Hong Kong Archaeological Society
- Formation: 1967
- Type: Archaeological organisations
- Headquarters: Hong Kong
- Location: Hong Kong;
- Members: Undisclosed (1 year; 10 year; Permanent)
- Official language: Chinese, English
- Chairman: Mr Cheung Pak Long
- Former President: Prof. Li Long Lam
- Key people: Mr Wong Wai Biu, Ms Lau Pui Yong, Ms Chris Liang Pui Wah, Mr Alexander Cheung, Dr Au Chi Kin, Ms Jay Chi Yan Mok
- Website: www.hkarch.org

= Hong Kong Archaeological Society =

The Hong Kong Archaeological Society (香港考古學會) is a government-funded organisation dedicated to carrying out excavations and preserving archaeological heritage in Hong Kong. The society is affiliated with the Hong Kong Museum of History to establish artifact collections and journal publications.

==History==

After the discovery of prehistoric sites in Hong Kong during the 1920s, archaeology activities began in the area. Artifact recoveries and research publications appeared by the 1930s. The earliest recorded archaeologists in Hong Kong were John Schofield and Raffaele Maglioni. The unearthed stone tools, potteries, and bronze artifacts led to support of human presence during the late Neolithic period and Bronze Age in the Hong Kong area with artifacts dating back to 3000–1200 BC and 1200–400 BC.

In 1955, an Eastern Han dynasty tomb at Lei Cheng Uk was accidentally discovered. An archaeological team was formed by the University of Hong Kong a year later, with a limited membership to survey the site. By 1960, the team carried out other excavations at Man Kok Tsui, Lantau Island, with artifacts discovered dating back to the Bronze Age.

In 1967, the archaeologist team reformed to the Hong Kong Archaeological Society to anticipate larger participations numbered around 200 members.

==Notable excavations==
During the 1970s, projects in Sham Wan and Sha Po Old Village of Lamma Island discovered artifacts dating to the Bronze Age and Neolithic eras.
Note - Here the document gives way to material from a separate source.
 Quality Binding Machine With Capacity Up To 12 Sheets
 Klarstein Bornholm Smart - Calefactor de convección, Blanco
In 1990, the society began a 16 months artifact rescue mission in Chek Lap Kok at the future site of the Hong Kong International Airport.
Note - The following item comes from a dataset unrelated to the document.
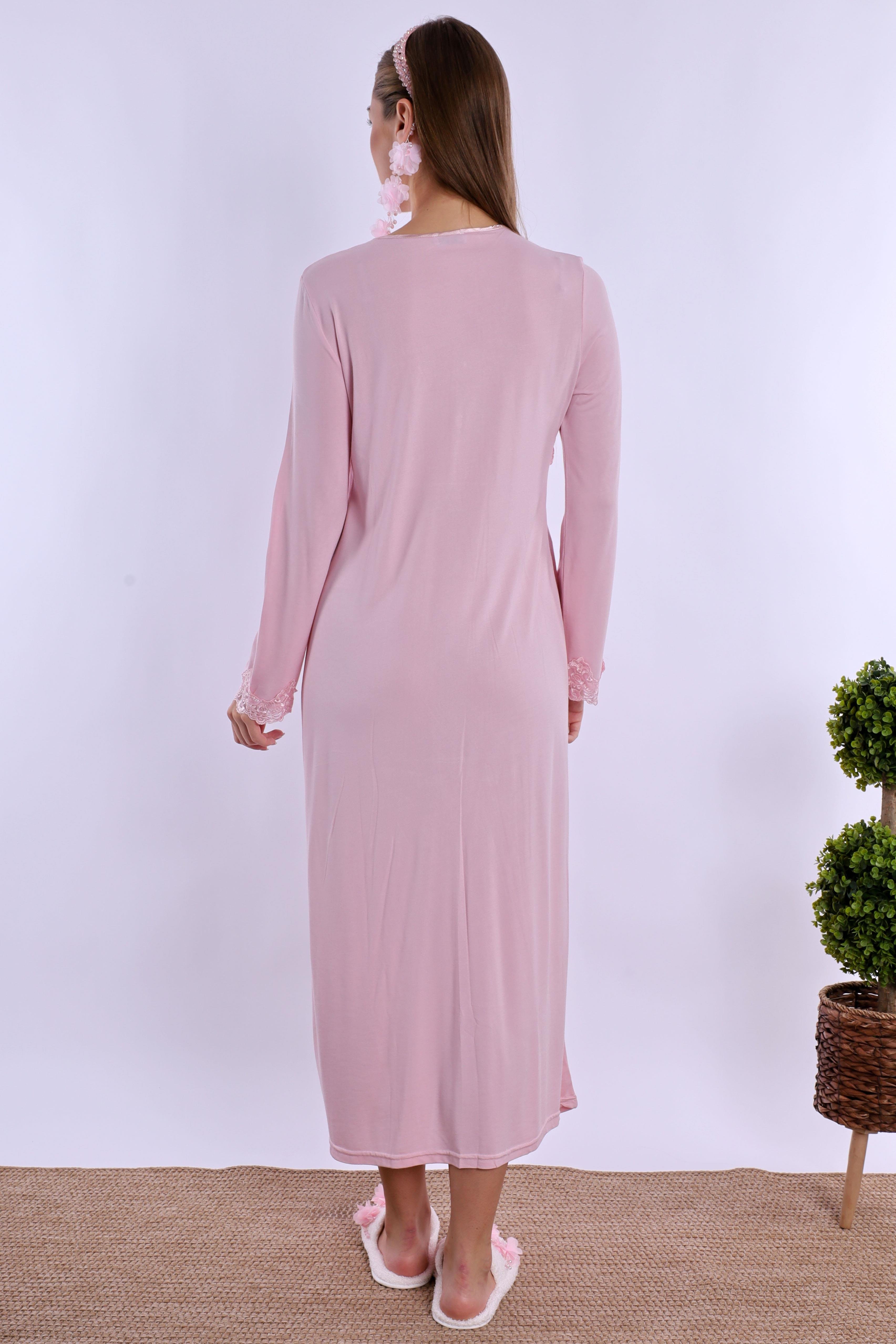 270132 Pembe Hamile Lohusa Gecelik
In 1991, an excavation at Yung Long, west to Tuen Mun, revealed a cultural phase with painted pottery, dated to 4400–3800 BC.
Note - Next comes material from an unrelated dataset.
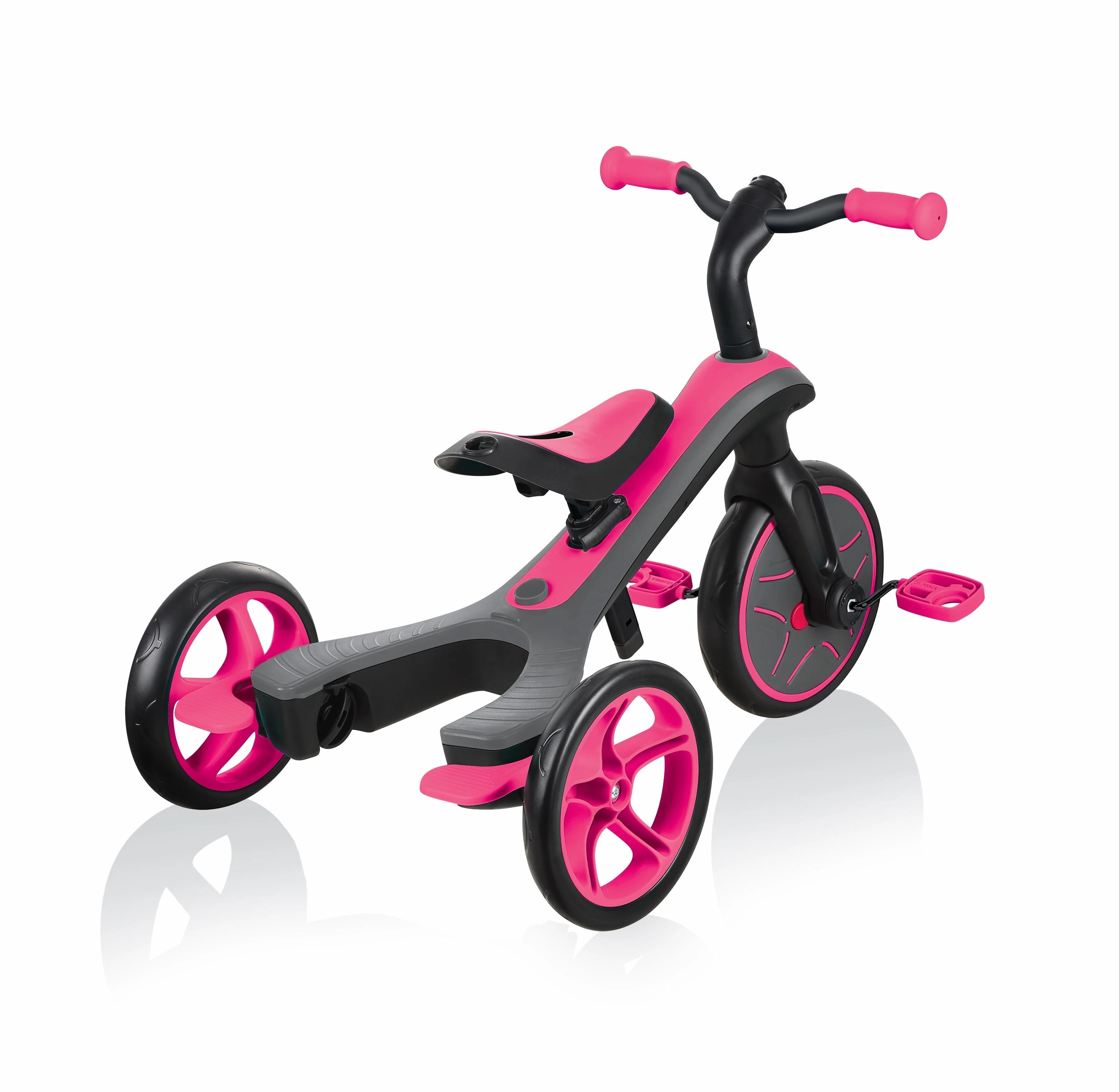Daugiafunkcinis triratukas Globber Explorer Trike 4in1, rožinis 632-110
In 1994, a salvage project in Kau Sai Chau revealed a site without pottery dating to approximately 5000 BC.

In 1999, the society discovered numerous artifacts in Chan Ka Yuen in Ha Pak Nai, west to Tuen Mun.

In 2000, Lam Tsuen Valley in Tai Po was investigated by the society.

In 2001, a house structure with underground water system dating to the Song dynasty was discovered in Mong Tseng Wai of Yuen Long. It was the only Song dynasty village site in Hong Kong.

In 2004–05, the society invited Lingnan Archaeology of Sun Yat-sen University to salvage a stone quarry excavation site at Wong Tei Tung, Sai Kung Peninsula. Artifacts discovered were dated back to late Paleolithic era.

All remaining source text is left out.